Source - http://www.mkyong.com/java/java-https-client-httpsurlconnection-example/
import java.net.MalformedURLException;
import java.net.URL;
import java.security.cert.Certificate;
import java.io.*;
import javax.net.ssl.HttpsURLConnection;
import javax.net.ssl.SSLPeerUnverifiedException;
public class HttpsClient{
public static void main(String[] args)
{
new HttpsClient().testIt();
}
private void testIt(){
String https_url = "https://www.google.com/";
URL url;
try {
url = new URL(https_url);
HttpsURLConnection con = (HttpsURLConnection)url.openConnection();
//dumpl all cert info
print_https_cert(con);
//dump all the content
print_content(con);
} catch (MalformedURLException e) {
e.printStackTrace();
} catch (IOException e) {
e.printStackTrace();
}
}
private void print_https_cert(HttpsURLConnection con){
if(con!=null){
try {
System.out.println("Response Code : " + con.getResponseCode());
System.out.println("Cipher Suite : " + con.getCipherSuite());
System.out.println("\n");
Certificate[] certs = con.getServerCertificates();
for(Certificate cert : certs){
System.out.println("Cert Type : " + cert.getType());
System.out.println("Cert Hash Code : " + cert.hashCode());
System.out.println("Cert Public Key Algorithm : "
+ cert.getPublicKey().getAlgorithm());
System.out.println("Cert Public Key Format : "
+ cert.getPublicKey().getFormat());
System.out.println("\n");
}
} catch (SSLPeerUnverifiedException e) {
e.printStackTrace();
} catch (IOException e){
e.printStackTrace();
}
}
}
private void print_content(HttpsURLConnection con){
if(con!=null){
try {
System.out.println("****** Content of the URL ********");
BufferedReader br =
new BufferedReader(
new InputStreamReader(con.getInputStream()));
String input;
while ((input = br.readLine()) != null){
System.out.println(input);
}
br.close();
} catch (IOException e) {
e.printStackTrace();
}
}
}
}
Every website manages logins differently. You will need to scout the website, find out how the session is maintained, and mimic the functions in such a way that the server can't tell that it is not a browser.
In general, a web server stores a secret hash in the cookie. Here is the process
Post a login and password to said url using HttpsURLConnection to send the form.
The server responds with a hash in a header that it wants stored in the cookie.
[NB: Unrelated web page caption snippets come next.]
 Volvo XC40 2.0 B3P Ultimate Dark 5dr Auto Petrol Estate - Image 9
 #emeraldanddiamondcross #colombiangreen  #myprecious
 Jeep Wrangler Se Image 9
Usually has session in the name.
Send requests back with the hash in the header in the correct value
All of the above can be done only using URL and HttpsURLConnection, but you will need to mimic a browser exactly to trick the server.
For scouting, I would recommend using a tool like fiddler. It captures all communication from the webserver and back, so that you can see exactly what is going on at the http level to mimic in your java code.
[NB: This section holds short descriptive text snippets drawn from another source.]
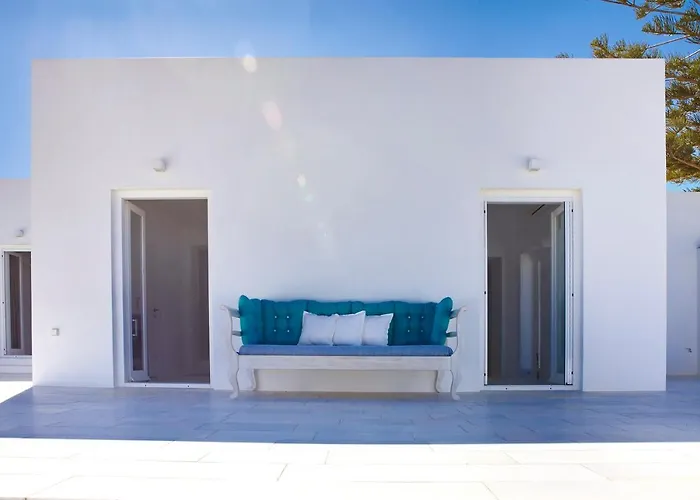 Meltemi On The Outskirts Of Naousa, Paros Vila Ambelas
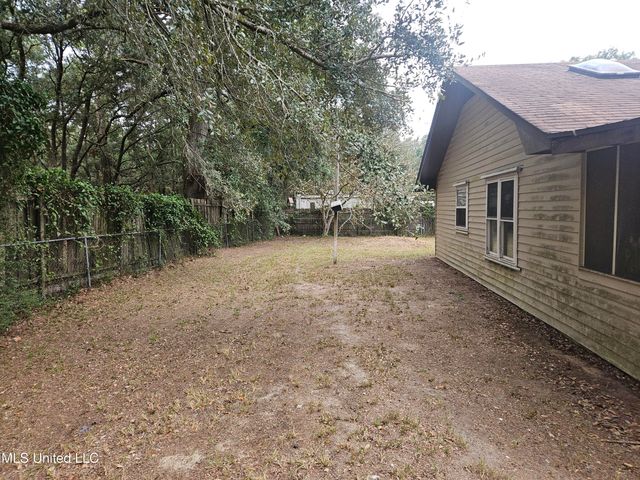 8520 Mermaid Avenue, Ocean Springs, MS 39564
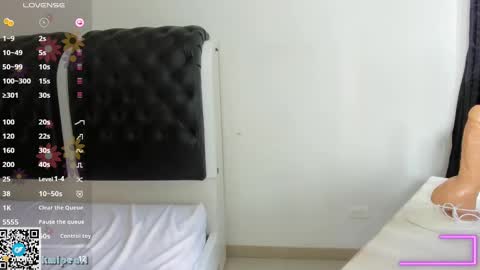 Snapshot of kmipearl chatting on January 21, 2025, 1:32 pm Camila Reyes online show from January 21, 2025, 1:32 pm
Here is an overview of fiddler. I have never looked at the logs. Fiddler has a sweet interface. The video is really boring, but it gives an overview of the interface. You want to look at the raw text view, and mimic that.
For your other question, owasp is a great resource for best practices. The reality is that there is a lot of insecure and bad code out there that does stuff that you would never expect. I have seen a server put the boolean value inside of a script tag to be stored as a javascript variable. You just have to carefully watch how the server changes the responses after you log in. For a popular website following best practices, they will use the above method.